Now, take that in conjunction with the fact that most people see that it costs $15-$20 for a music CD. Most people understand that there are thousands of CDs printed for each album release. They understand the massive amounts of money that the record industry takes in. They also notice that it costs themselves only .03 cents for a CD and about ten minutes of time to make one themselves. They think, surely, if they can make a CD for 0.03 cents the record industry can do it as cheap or cheaper. I mean after all, aren’t they doing it in volume? Of course, most people don’t think about how much it costs to buy all the high end equipment to record the music, how much it costs to print up all those CD album covers, how much it costs to have the facilities to create those thousands of CDs, cases, and such, how much it costs to “woo” a good talent, how much a new Lexus for the recording industry presidents costs, etc., etc., etc. But, please not that I’m not defending the record industry here, just making my opinion known. I think most people don’t think about those costs.
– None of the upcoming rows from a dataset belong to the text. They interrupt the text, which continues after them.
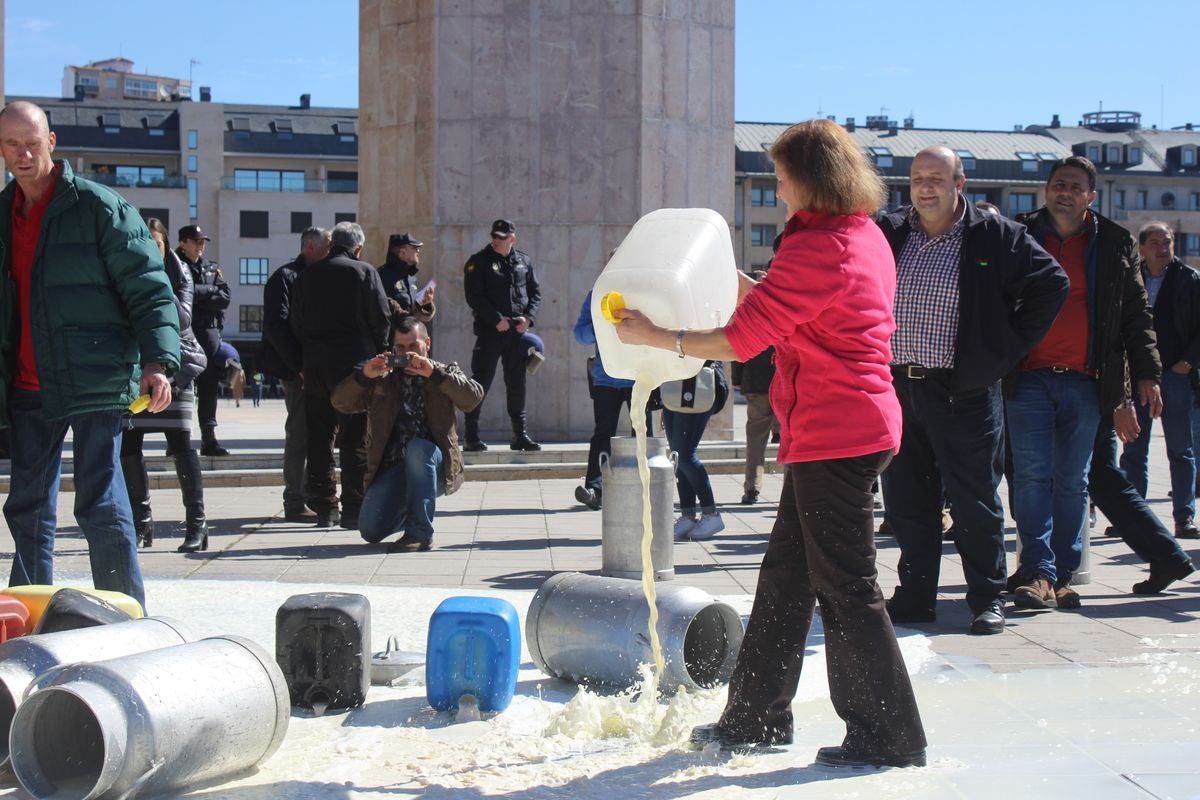 La leche, por los suelos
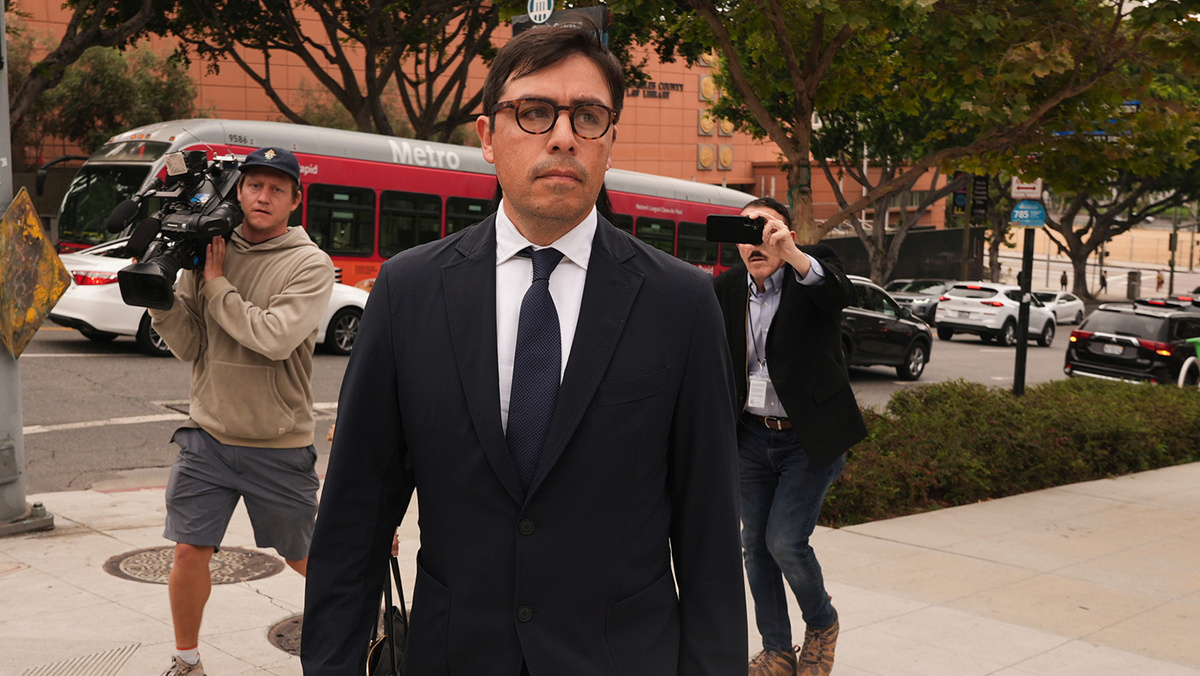   Damian Dovarganes / AP- Сальвадор Пласенсия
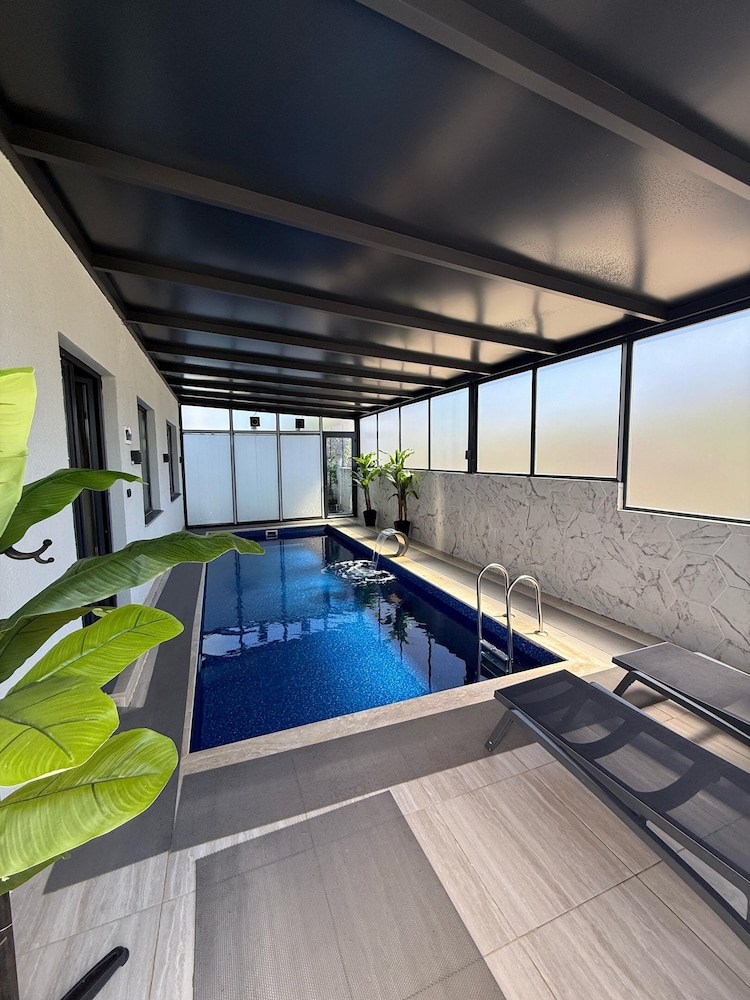 Green Hills Suites 35/60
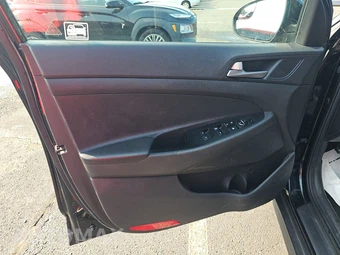 2018 Hyundai Tucson SE – miniatura 9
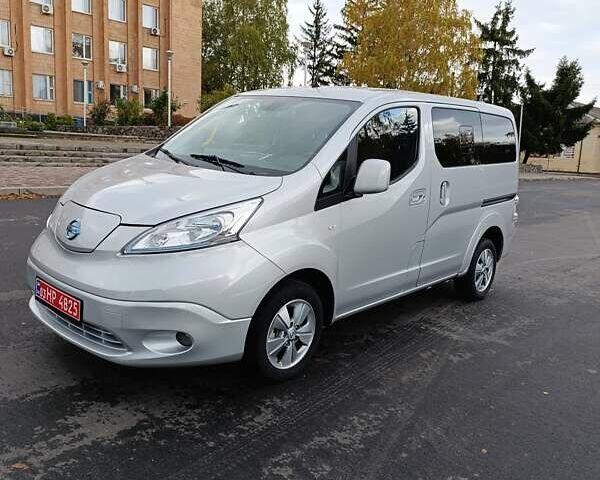 Серый Ниссан e-NV200, объемом двигателя 0 л и пробегом 99 тыс. км за 15900 $, фото 1 на Automoto.ua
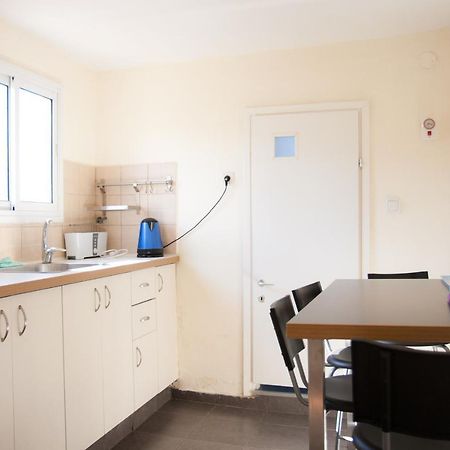 Neve Tzedek Original Style Apartments Тел Авив Екстериор снимка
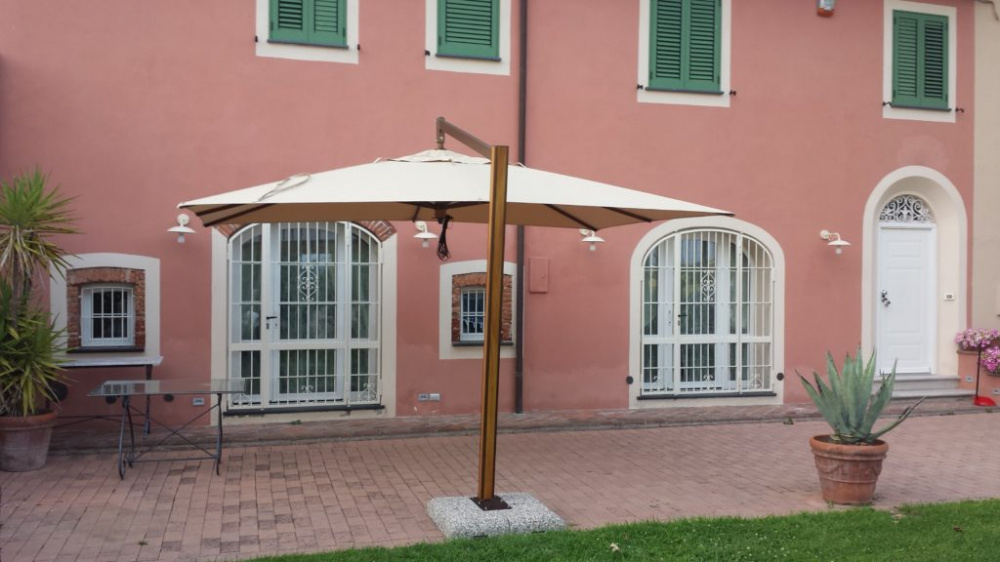 ombrellone-palocentrale-mantovana-antivento-beige-300-quadrfato-stecche-colori-alluminio-stecche-intercambiabili-pvc-tessuto-decentrato-laterale-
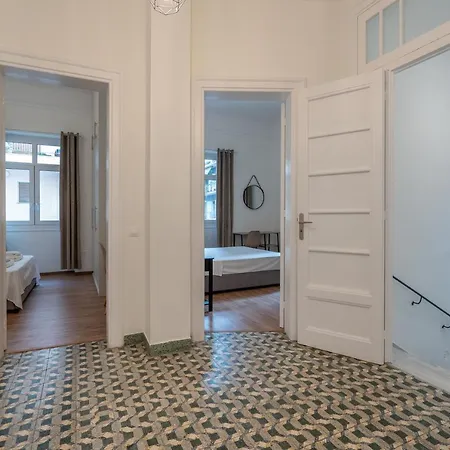 Charming 3bd Apt. Close To Metro Apartment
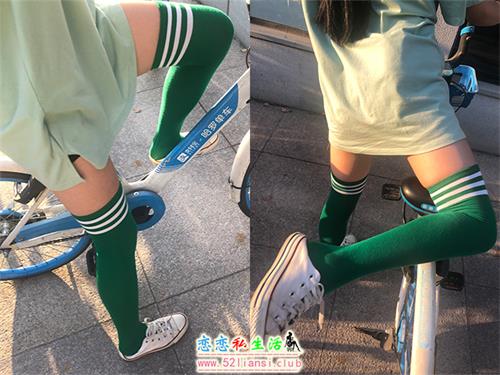[最爱帆布鞋]043-学妹丝袜美腿写真（带视频）【122P+3V/684M】视频下载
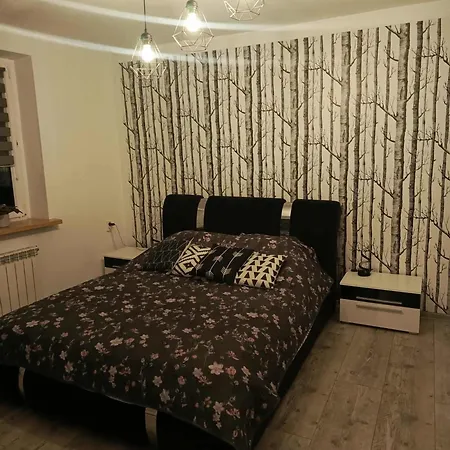 U Eli Z Prywatnym Tarasem アパート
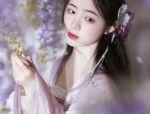The Cheongsam-Inspired Clutch Bag:A Blend of Tradition and Modern Elegance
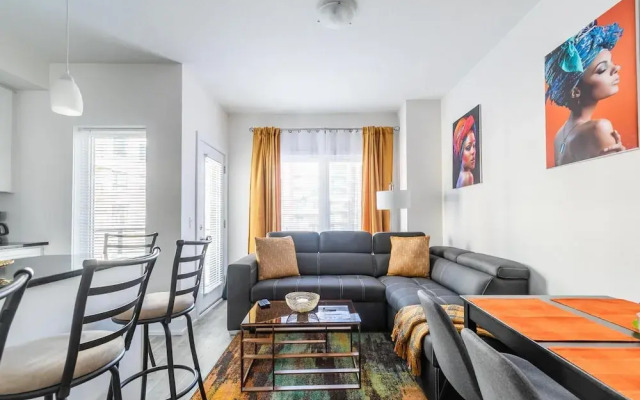 4BR 3BA Townhouse on Lake Ontario Free Parking Gym
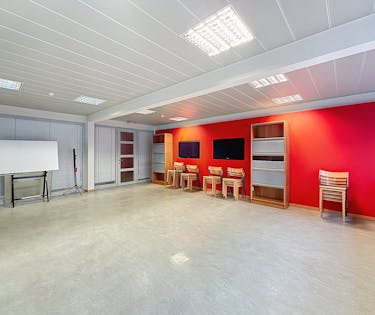 Bureau à louer (50m²) sur le Marché aux Herbes à Bruxelles.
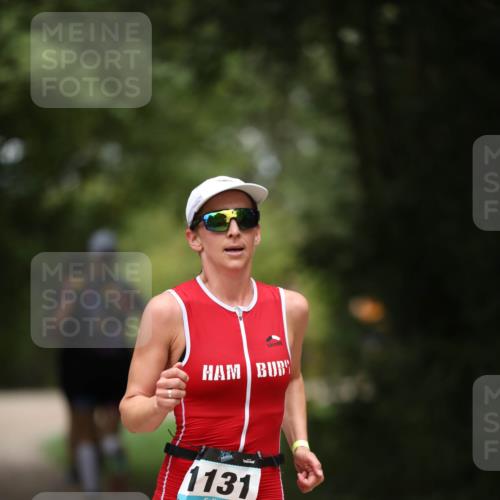 30.08.2026 - Elbe Triathlon Hamburg Antke Förster http://msf.ph/oto/10104794 30.08.2026 11:57:22 Laufen 1131 meine-sportfotos.de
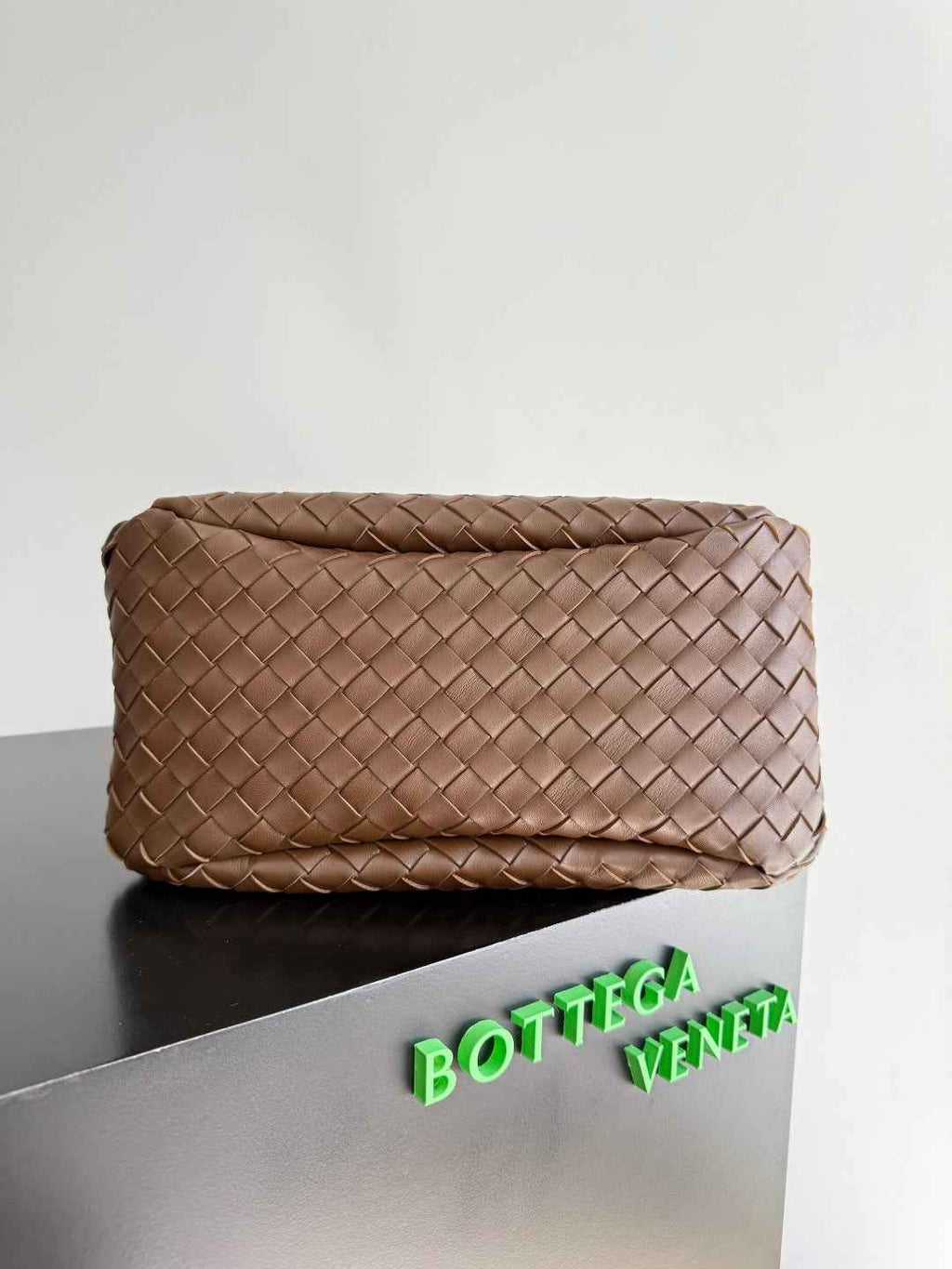 Bottega Veneta Medium Campana Bag 844249 in Brown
But, the record companies say we are taking money away from the artists. Unless the artist is someone who has been around a while and is a real money maker for the record company, they get close to nothing per CD sold. We might as well spend the 0.3 cents to make our own and then send another 0.3 cents to the artist. Some of them may actually make more money that way. If the record company wants my compassion they need to stop saying we are hurting the artist and fess up that we are hurting their bottom line.
I think services that allow you to download music and burn a CD of any combination of that music you want is great. I’d pay for that. What, $1.50 or so a song? Sure…by the time you have picked up a CD worth of songs you’ve spent the same as it would have cost for a CD, but you have only the songs you like and not all the filler you get when you buy a CD from an artist that you like 2 songs out of the 12 on the album. Plus you can put that song on a CD, your laptop, iPod, MP3 Player, whatever and take it with you anywhere. Share it with friends….maybe they like it and buy it too.
Oh well. another post I can chalk up to a rant.